By midlandsmovies, Jul 9 2018 09:00AM
Midlands Interview - Deborah Haywood
Midlands Movies Editor Mike Sales speaks to local filmmaker Deborah Haywood about her new film Pin Cushion, bullying and the brave decision to shoot back at the local school she grew up in.
Midlands Movies Mike: Hi Deborah. Thanks for agreeing to speak to us today. Please can you tell our readers a little bit about yourself?
Deborah Haywood: Hiya. Well, my name is Deborah Haywood and I’m from Swadlincote. I’ve made five short films and have recently complete my first feature film, Pin Cushion.
MMM: And how long have you worked in the film industry?
DH: For ten years. I always wanted to write and I was writing scripts and wanted to read British ones and so I asked producer Sally Hibbin at Parallax (who was once Ken Loach’s producer) for a job as a script reader.
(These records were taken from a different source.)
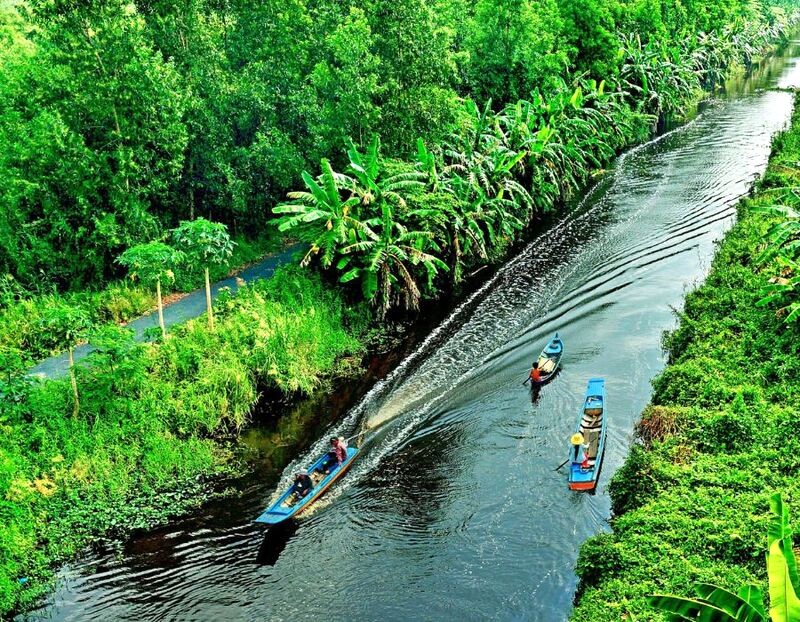 Khám phá Vườn quốc gia U Minh Hạ bằng thuyền, trải nghiệm thú vị cho kỳ nghỉ lễ.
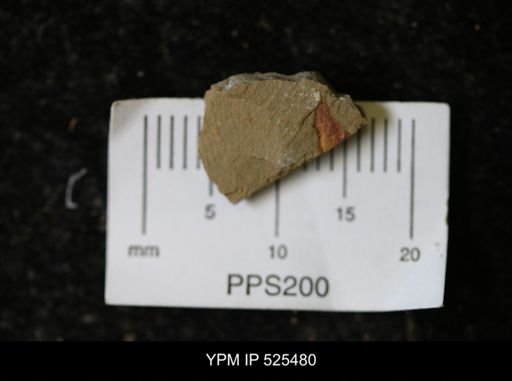 undet. Synziphosurina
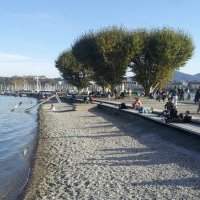 Baignade dans le lac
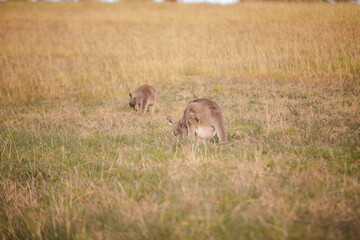 Kangaroos graze in a sunlit field of grass and golden vegetation. The scene captures a tranquil moment in their natural habitat, framed by distant trees and soft light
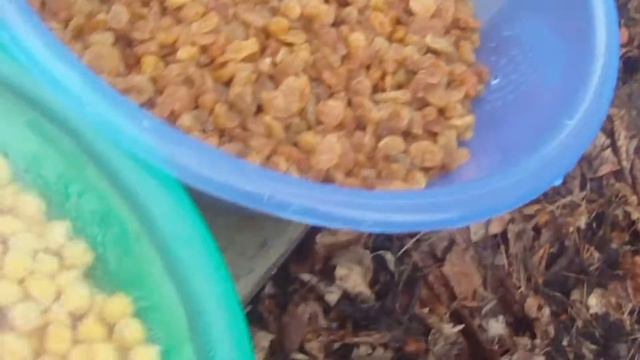 Как Ахат плов для 2-х голодных байкеров готовил... смотреть онлайн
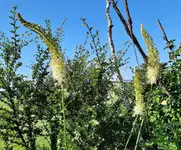 20220606_082729.jpg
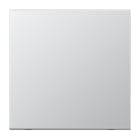 JUNG - Steuertaste Standard, neutral, Aluminium AlMg1 Naturton, mattgebeizt, Aluminium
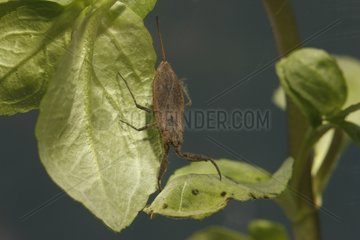 Water scorpion on a leaf in a pond Midlands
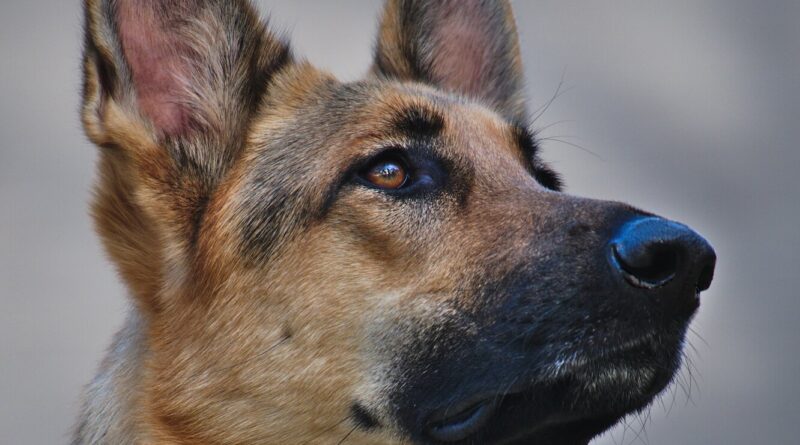 Повернув борг: приютський собака врятував господаря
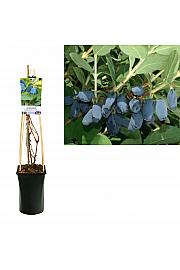 Lonicera kamtschatica Fialka C2,5 Lit. 40-60 cm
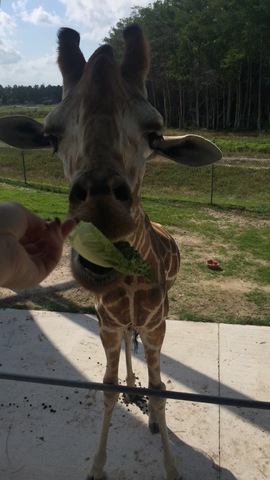 Feeding the giraffe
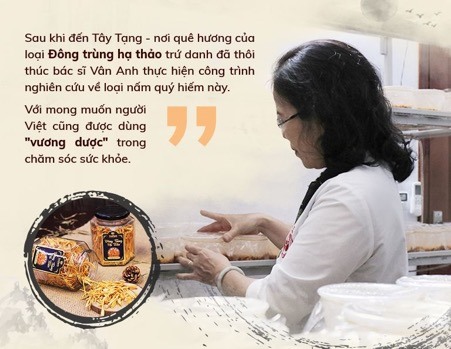 Bác sĩ Vân Anh mong muốn có thể tạo ra loại đông trùng hạ thảo chất lượng cao dành cho người Việt, trên đất Việt.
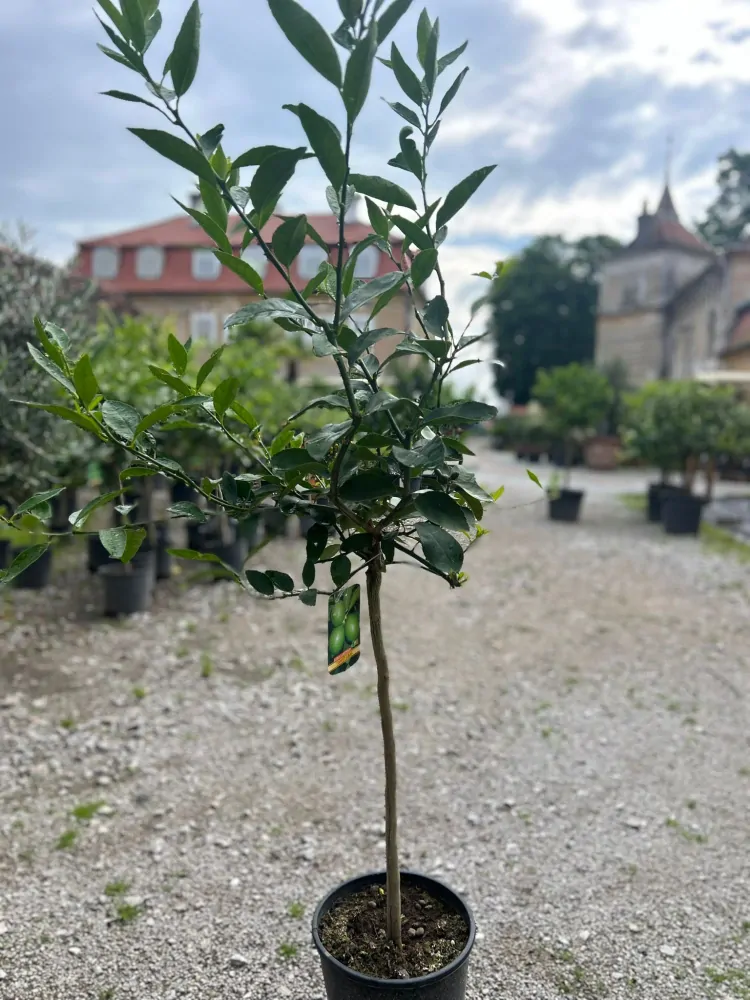 Limetka - Lime di Tahiti výška 120-140cm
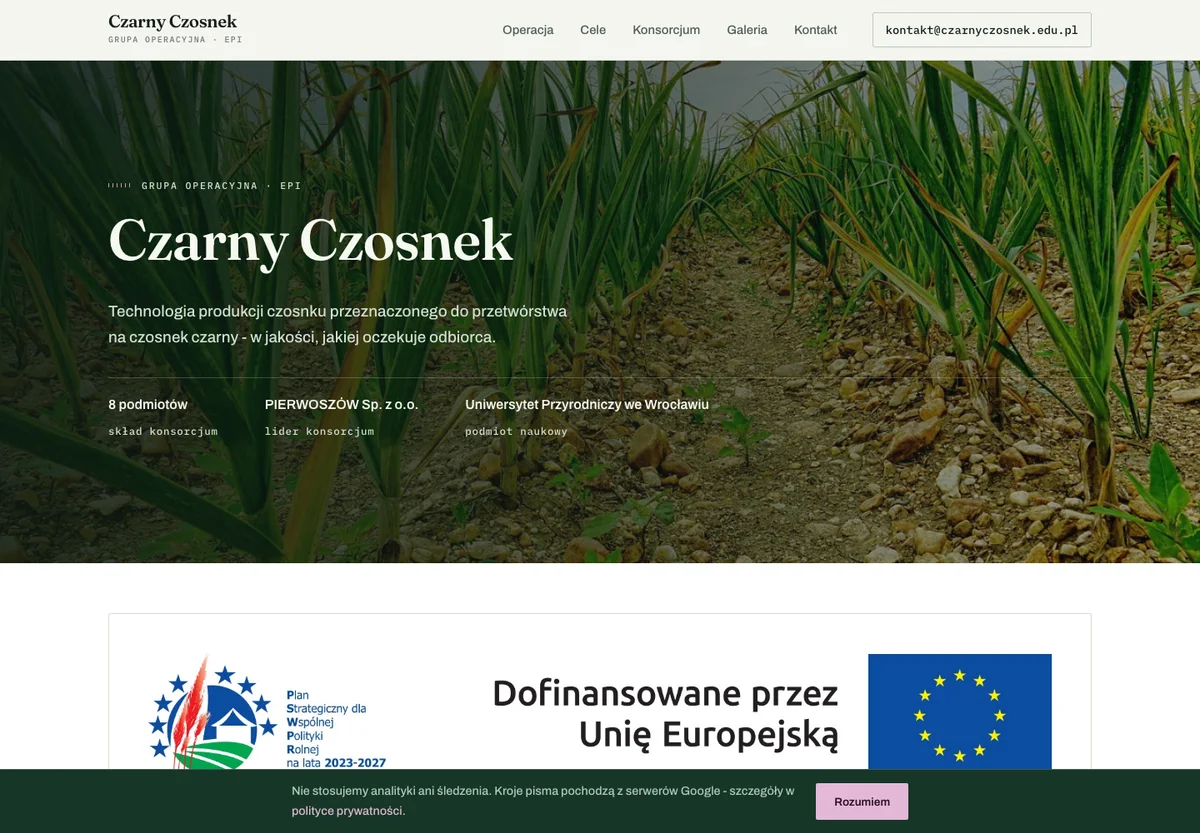 Ilustracja wpisu: Czarny Czosnek, czytelna strona projektu badawczego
To get the (unpaid) job she gave me two scripts and asked me to work out which one was on the rejection pile, and which one was in development. I had to write notes for both of them and luckily I picked the correct one that was in development and Sally liked the notes so much she asked me to become the script editor on it. The script was by the very talented actor and writer Tracy Brabin. Who is now, of course, Labour MP for Batley and Spen!
MMM: That's a great story. So what has been the most difficult hurdle you have had to overcome?
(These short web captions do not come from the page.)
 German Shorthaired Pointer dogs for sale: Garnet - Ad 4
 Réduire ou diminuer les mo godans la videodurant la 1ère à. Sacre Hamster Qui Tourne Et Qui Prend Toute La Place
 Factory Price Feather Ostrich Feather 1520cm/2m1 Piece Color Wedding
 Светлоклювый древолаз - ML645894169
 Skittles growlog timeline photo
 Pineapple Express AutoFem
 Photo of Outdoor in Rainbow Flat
DH: As a writer, I think it’s been learning how to respond to notes. How to progress the script and story so that it satisfies the reader/audience while still keeping my original intention and vision.
MMM: Your new film is Pin Cushion. Can you tell our readers a bit about it and how it came about?
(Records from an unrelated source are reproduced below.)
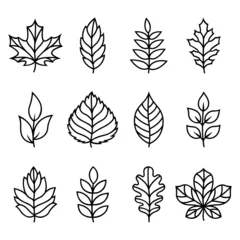 Foto op Plexiglas Autumn leaves silhouettes. Vector illustrations. Isolated on white background. Flat style. Simple plant outlines for paper or laser cutting and printing on any surface. © Volha Shybut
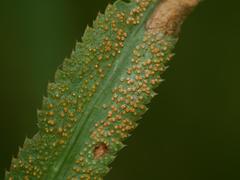 Puccinia sii-falcariae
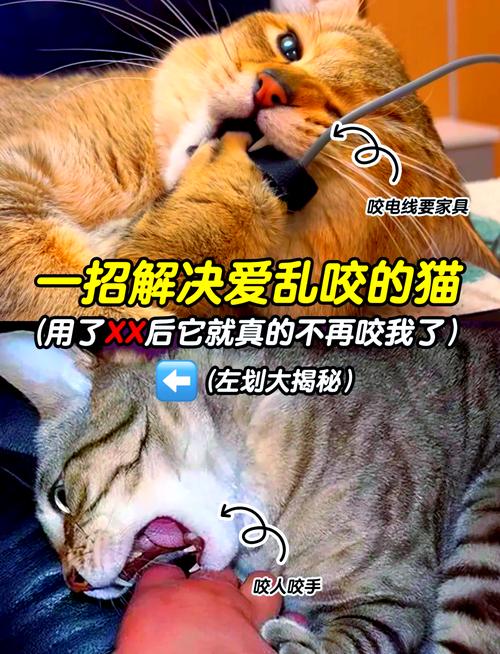 猫咪喜欢咬东西怎么办,猫咪总是喜欢咬东西-第3张图片-后鲨宠物 猫咪喜欢咬东西怎么办,猫咪总是喜欢咬东西-第3张图片-后鲨宠物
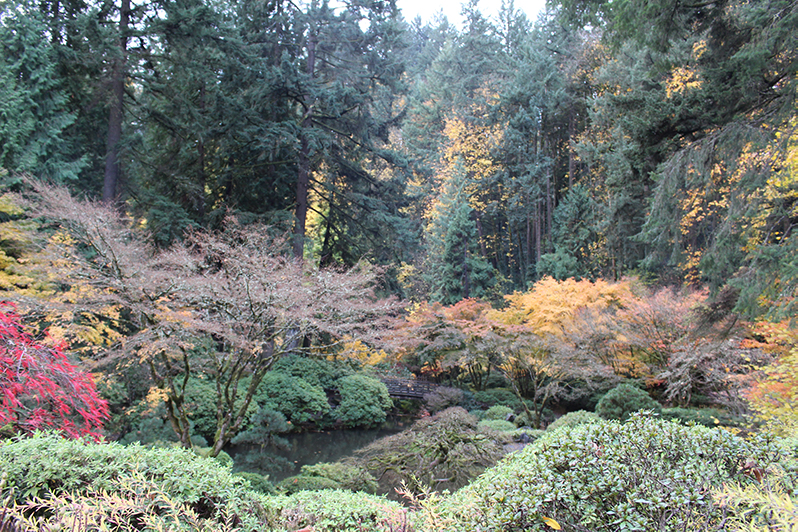 Portland Japanese Garden in November with fall foliage on display
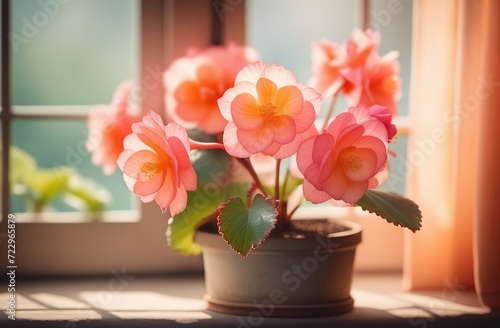 Begonia flowers with big petals and buds in pink and orange, isolated on white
DH: It’s a dark fairy tale love story between an oddball Mother and Daughter and how their moving to a new town affects their relationship. I first wrote the treatment in 2008 and it’s been through various different lives and dark alleys and at times (a lot of the time actually) I never believed it would get made. I’m really glad I persisted.
MMM: And how did you come to cast leads Lily Newmark and Joanna Scanlan?
DH: Kharmel Cochrane and her team found Lily and I picked her out of a massive amount of videos they sent me. They had worked with her before for a pop video. I told them I was looking for someone who seemed untouched by modern life, and Lily felt like that in both her essence and her unusual looks. She looked like a pretty prawn or a beautiful rare salmon who had never seen dry land. So I met her and I fell in love! I think Gavin got the script to Joanna? Then Kharmel fixed up a meeting? I’m not exactly sure!
There was so much happening and often these things just magically happen and I’m not always privy to the ins and outs! All I know is we went up to Manchester to meet Joanna on her day off because she was shooting No Offence. And we talked and talked and I instinctively knew that if Joanna said yes then she would take such good care of Lyn. And she did. They both did. I think both Lily and Joanna cared for Iona and Lyn a great deal and that shows on screen and in their wonderfully sensitive performances.
MMM: That sounds great that such a bond was made between the cast. But how did you make the decision to film in the Midlands?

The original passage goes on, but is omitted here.